(THE DATA begins)

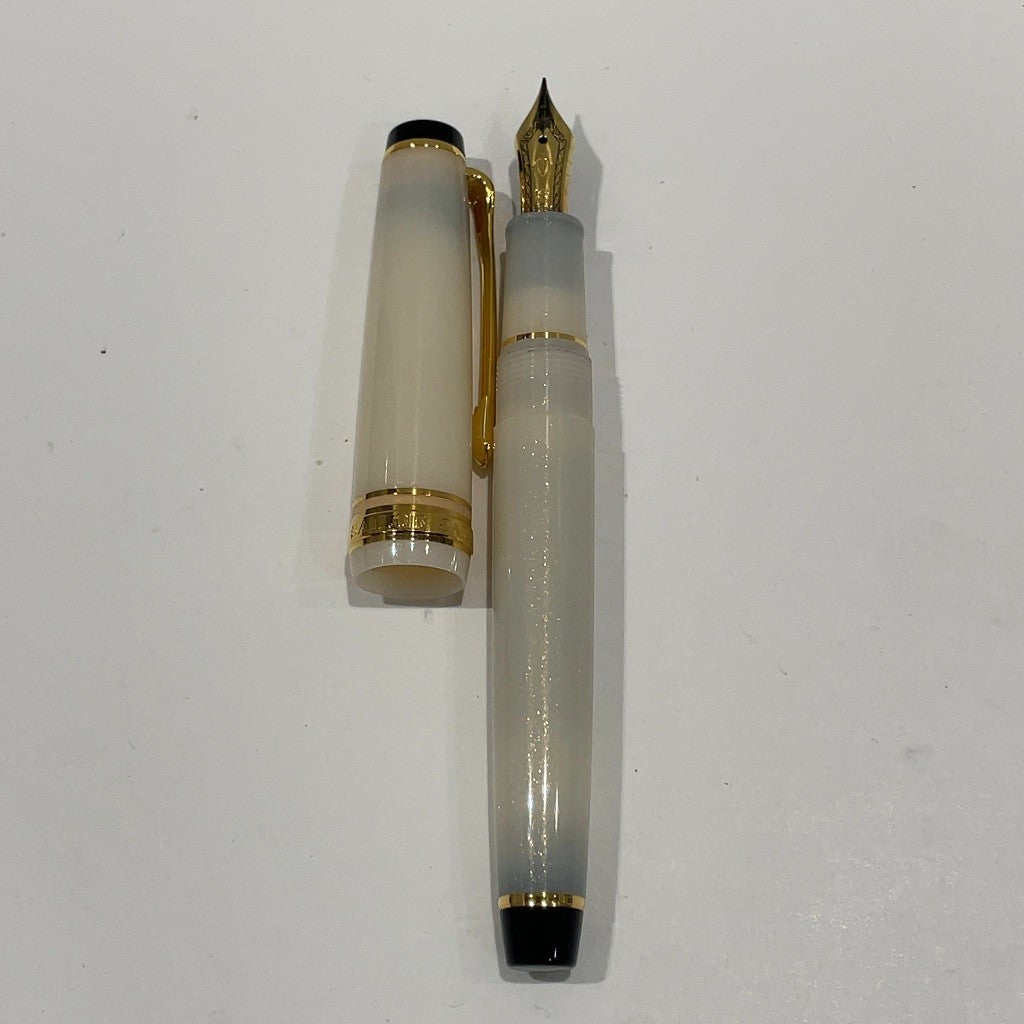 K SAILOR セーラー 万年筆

(THE DATA ends)
(THE DATA begins)

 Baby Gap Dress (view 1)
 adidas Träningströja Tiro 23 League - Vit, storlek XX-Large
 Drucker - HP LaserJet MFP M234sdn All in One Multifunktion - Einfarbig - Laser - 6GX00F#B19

(THE DATA ends)
(THE DATA begins)

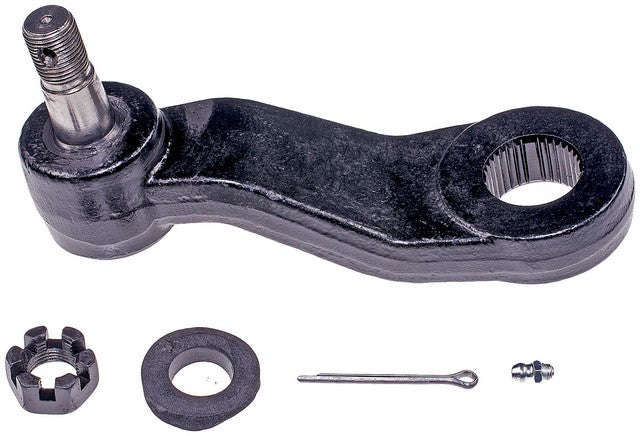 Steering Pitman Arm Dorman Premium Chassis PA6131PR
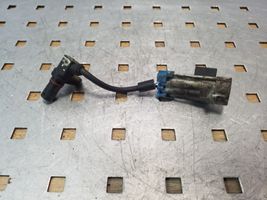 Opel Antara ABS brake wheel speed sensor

(THE DATA ends)

Copy exactly the material above from the line with "Steering Pitman Arm" to the line with "Opel Antara ABS brake wheel speed sensor", ends included, and nothing else. Leave out any picture.

 Steering Pitman Arm Dorman Premium Chassis PA6131PR
 Opel Antara ABS brake wheel speed sensor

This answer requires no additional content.